*** Opening Collected material ***

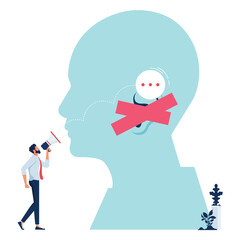 Businessman attempting to communicate with a customer who is ignoring, Failed communication-Unsuccessful messaging concept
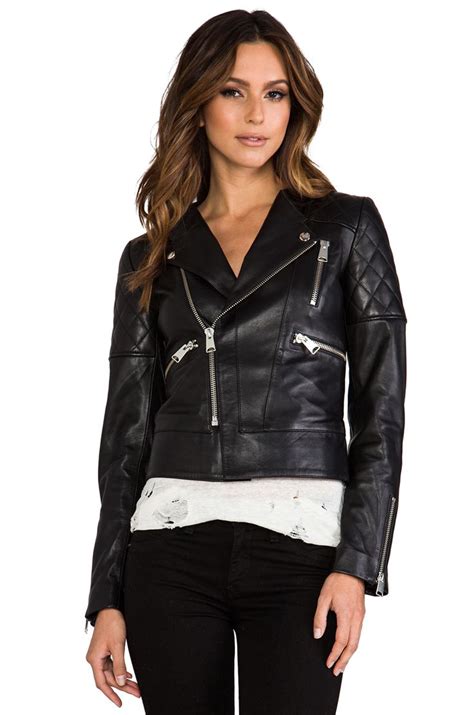 Anine Bing Leather Biker Jacket In Black From Revolve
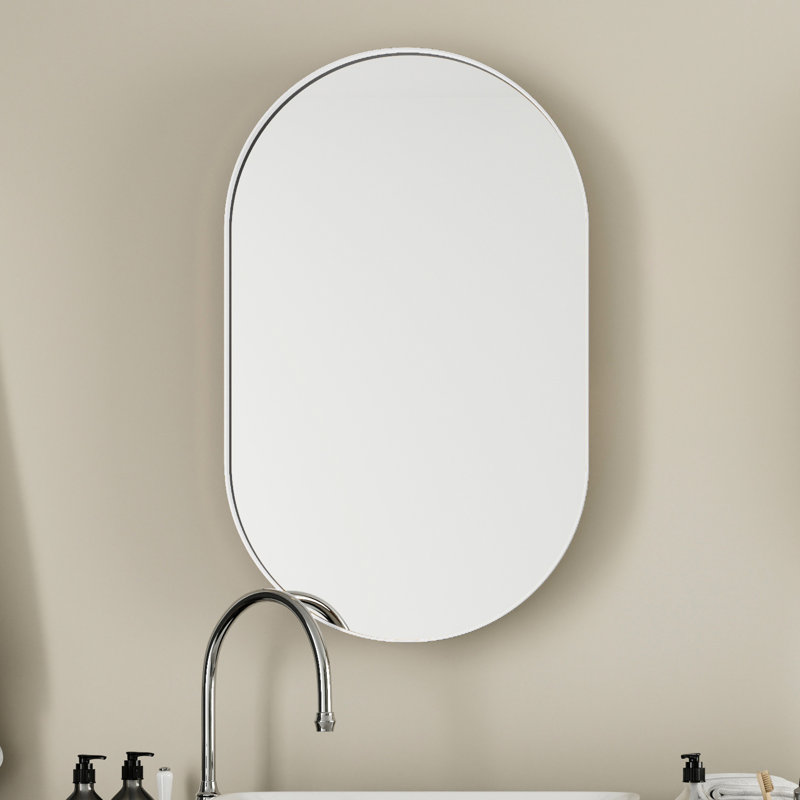 Armoire de salle de bain encastrée ovale 21,06 x 4,47 po - Cadre en métal avec miroir et tablettes réglables, rangement mural blanc 20 x 34 po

*** Closing Collected material ***

• **Exercise aim**
With the pictures set aside, copy each line above as written.

• **Solution for this task**
 Businessman attempting to communicate with a customer who is ignoring, Failed communication-Unsuccessful messaging concept
 Anine Bing Leather Biker Jacket In Black From Revolve
 Armoire de salle de bain encastrée ovale 21,06 x 4,47 po - Cadre en métal avec miroir et tablettes réglables, rangement mural blanc 20 x 34 po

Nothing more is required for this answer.